昨季は最多勝、最高勝率、最多奪三振の投手3冠に輝いた右腕が、今季狙うのは沢村賞。新選手会長としての重責も担い、チームを牽引する。
ルーキーがチーム初ヒット
節分の3日(火)、宜野座では連日ランチ特打を行うディベイニーと、この日初めてブルペン入りしたラグズデール&ルーカスが豆まき。日本の文化を体験し、笑顔がこぼれた。第1クール3日目、球団OBの赤星憲広氏と糸井嘉男SAが、臨時コーチとして宜野座キャンプに合流した。糸井SAは、ピンクの液体が入ったアクアバットを使って佐藤輝らを指導。赤星氏から走塁技術を教わった中野拓夢内野手は、特に脱力について学んだといい、「試合でスチールを決めたいと思うとどうしても体に力が入ってしまい、上体が起き上がってスピードに乗らない。上半身は抜いて下半身にはしっかり力を入れることがスタートでは大事だと教えていただいた」とうなずいた。昨季は19盗塁をマーク。「数多く決めることも大事だが、より緊張感のある場面で走りながら、なおかつ成功率を上げることにこだわりたい」と、進化を目指す。

秦雅夫オーナーの訓示で始まった第1クール最終日の4日(水)、今キャンプ初のシートバッティングが行われた。

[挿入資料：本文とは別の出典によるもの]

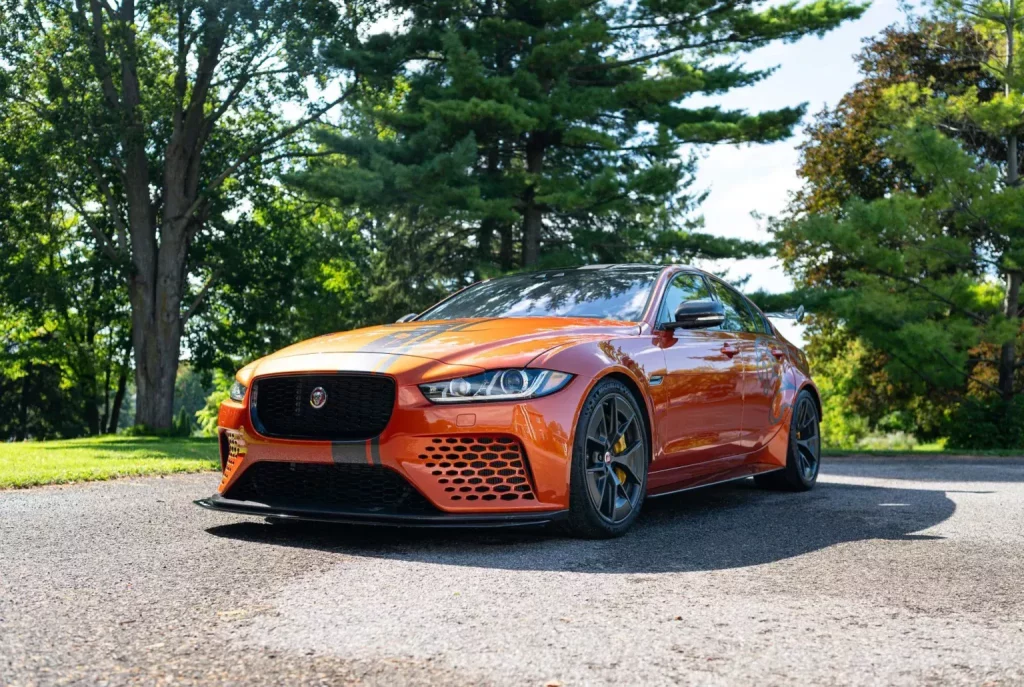 2019 Jaguar XE SV Project 8 BaT 3 Motor16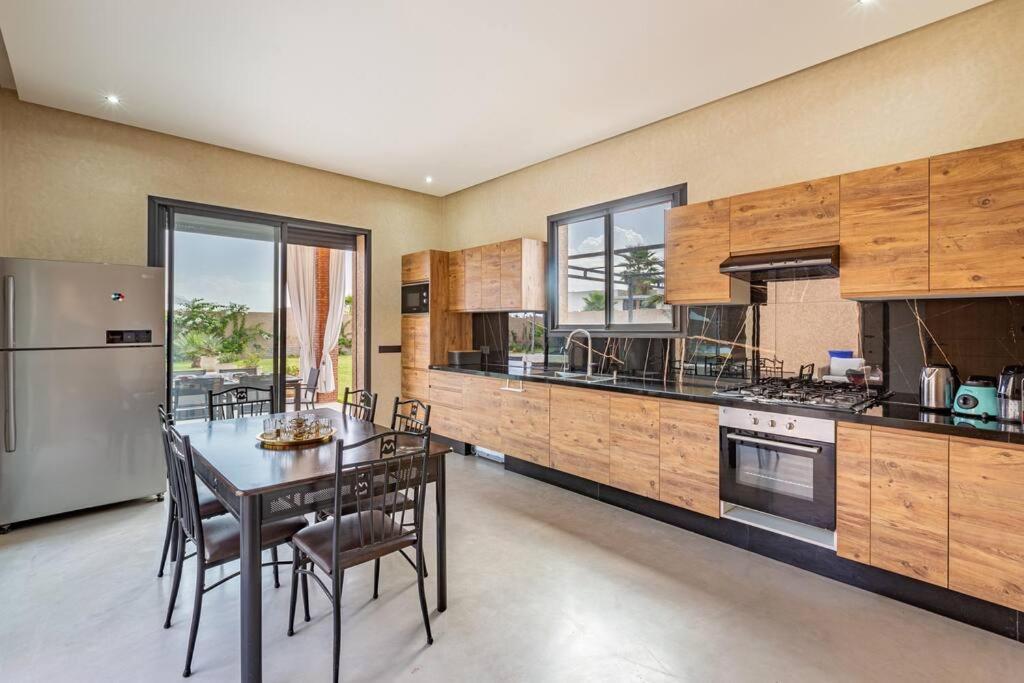 Zina, Elegance Et Luxe,piscine & Jacuzzi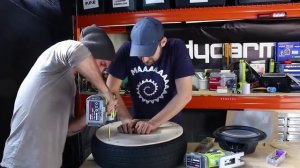 Делаем сабвуфер из запаски BMIRussian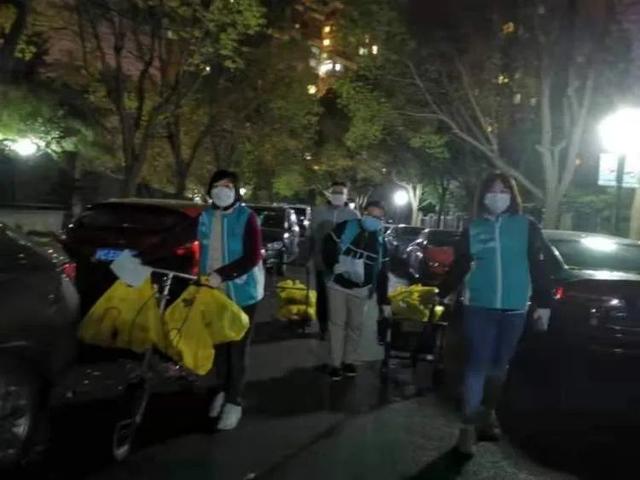 疫情下上海人的互助太暖了！街道自建编外“120”、小夫妻免费给邻居送菜……团结就是力量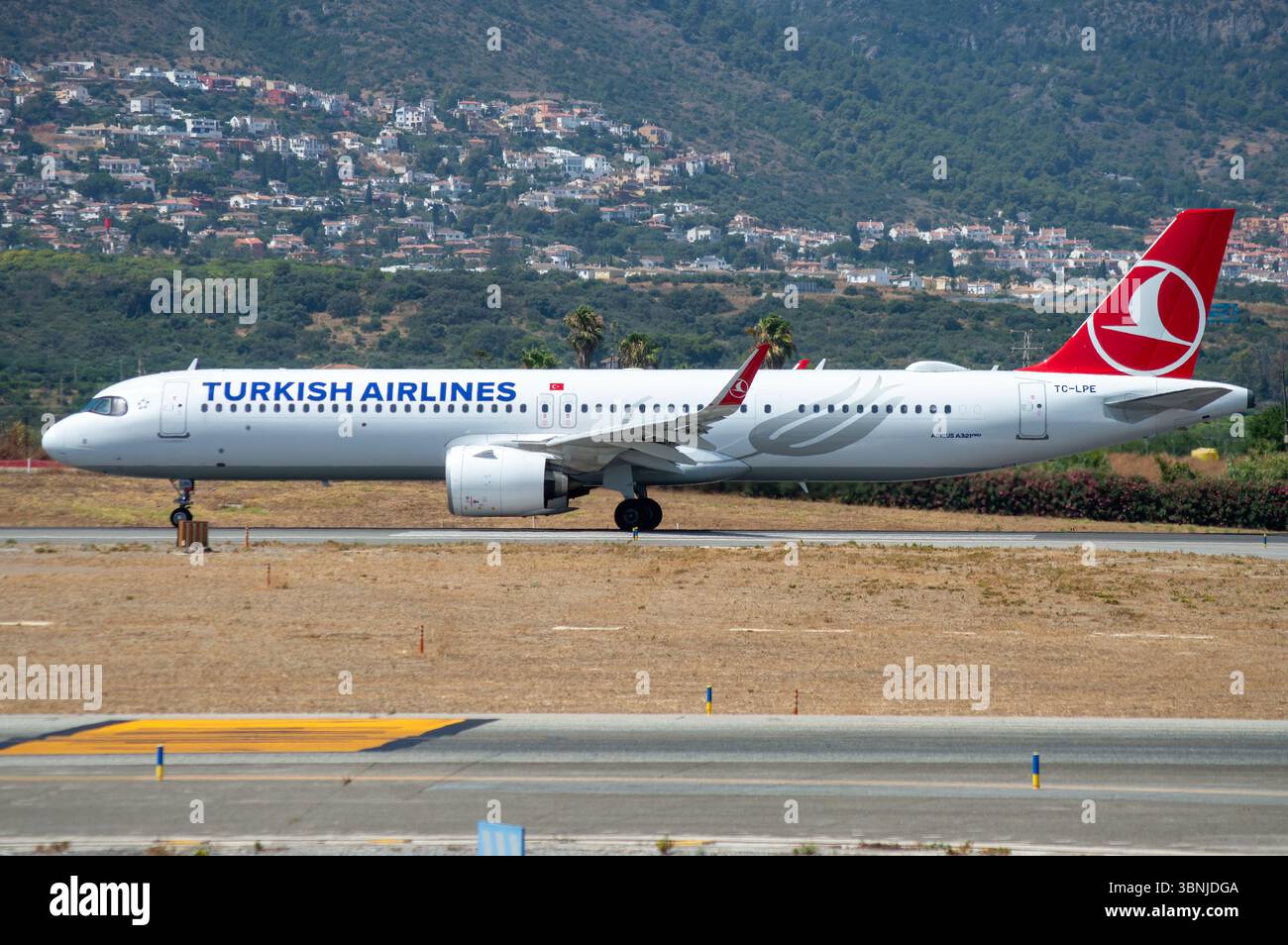 Airbus a321 271nx hi-res stock photography and images - Alamy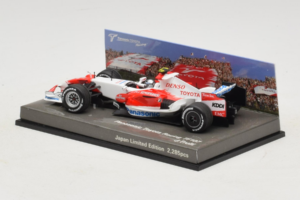Toyota TF107 #12 J. Trulli Panasonic Toyota Racing Showcar F1 2007 Minichamps 1:43 AM60129 Metall – Bild 3 von 6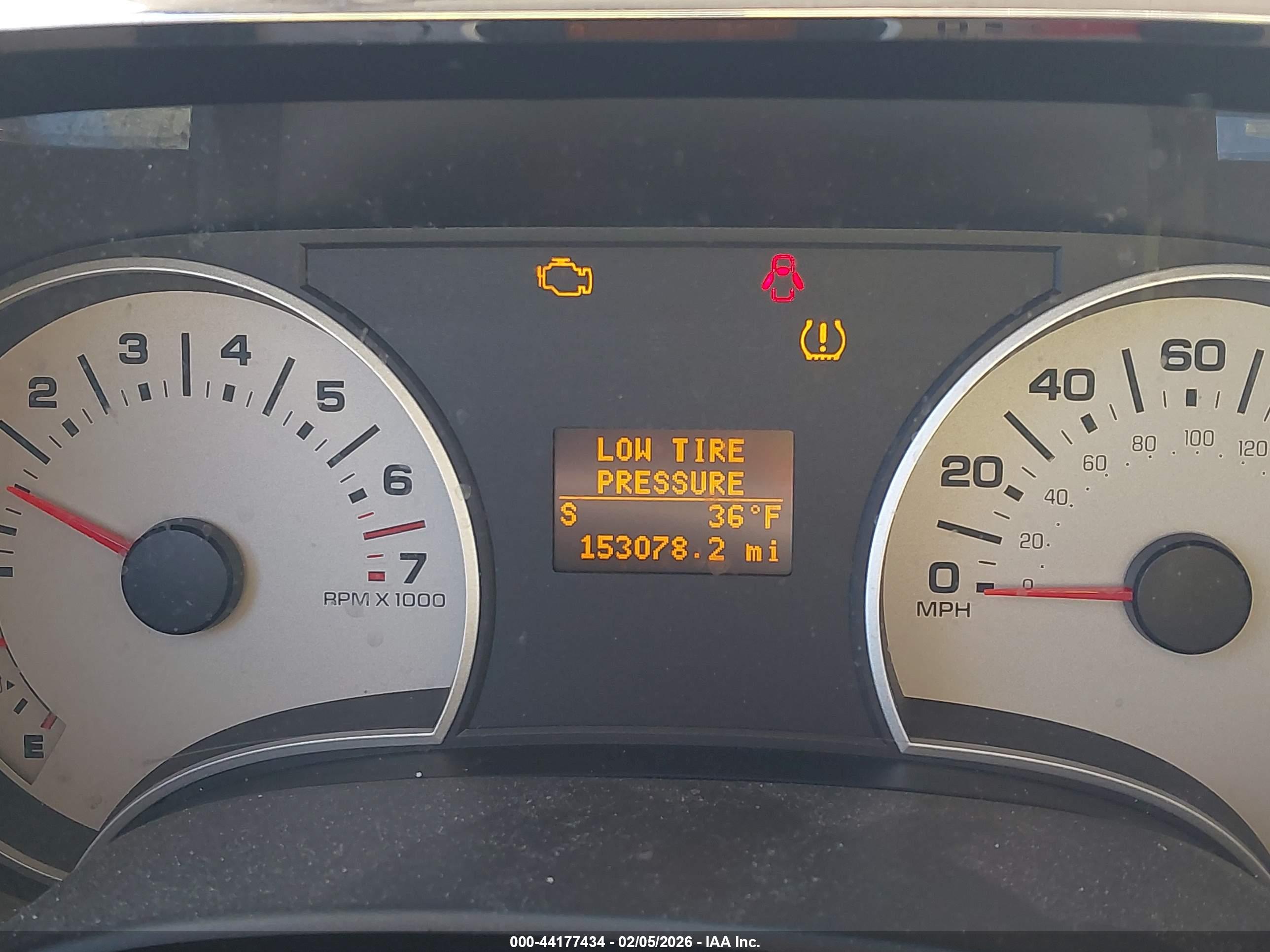 FORD EXPLORER image 7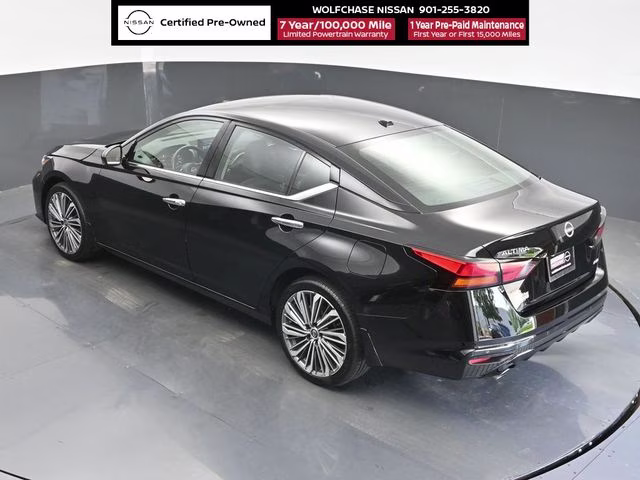 2025 Super Black Clearcoat Nissan Altima 2.5 SL AWD Sedan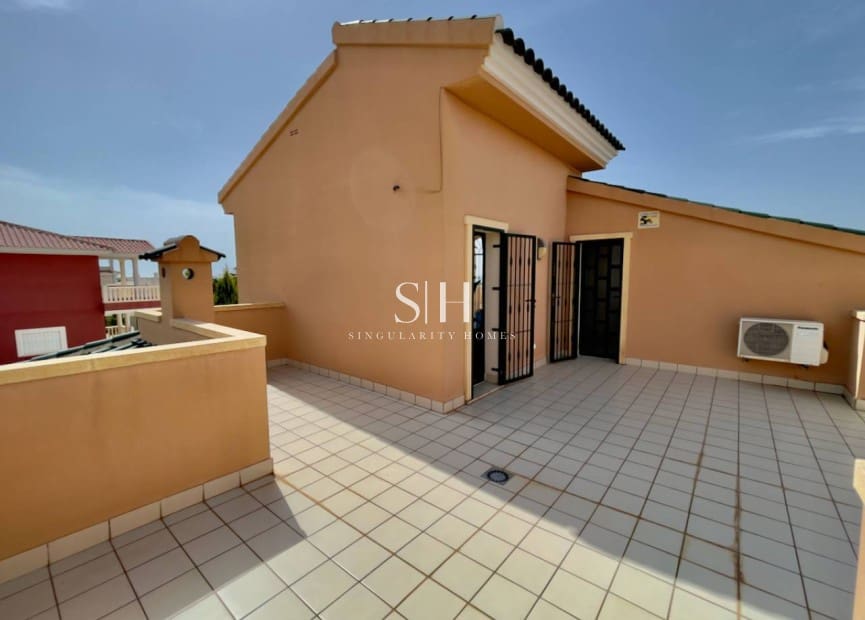 4 quarto Moradia para venda em Ciudad Quesada com piscina garagem - 520 000 € (Ref: 9914894)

チーム初ヒットを放ったのは、ルーキーで唯一宜野座キャンプに参加している谷端将伍内野手(ドラフト2位)。第1打席で門別の初球をレフト前に運び、初実戦で存在感を示した。現役ドラフトでヤクルトから加入した濱田太貴外野手も、アピールに成功。第3打席で今朝丸からライトスタンドへホームランを放ち、第1打席でも椎葉からライトオーバーの三塁打を打ってパワーを見せつけた。

具志川では、ドラフト1位ルーキー立石正広内野手が屋外キャッチボールを再開した。1月の新人合同自主トレで、右足肉離れを発症。本隊を離れ別メニュー調整中だが、2日には屋外ノックを再開し、三塁のポジションで軽快な動きを見せた。期待の新人が、復帰へ向け順調に歩みを進めている。
チャンピオンフラッグがはためく球場で、多くのファンに見守られながらスタートしたキャンプは、第1クールが無事終了。初の対外試合となる日本ハムとの練習試合も予定される第2クールへ、没頭の日々は始まったばかりだ。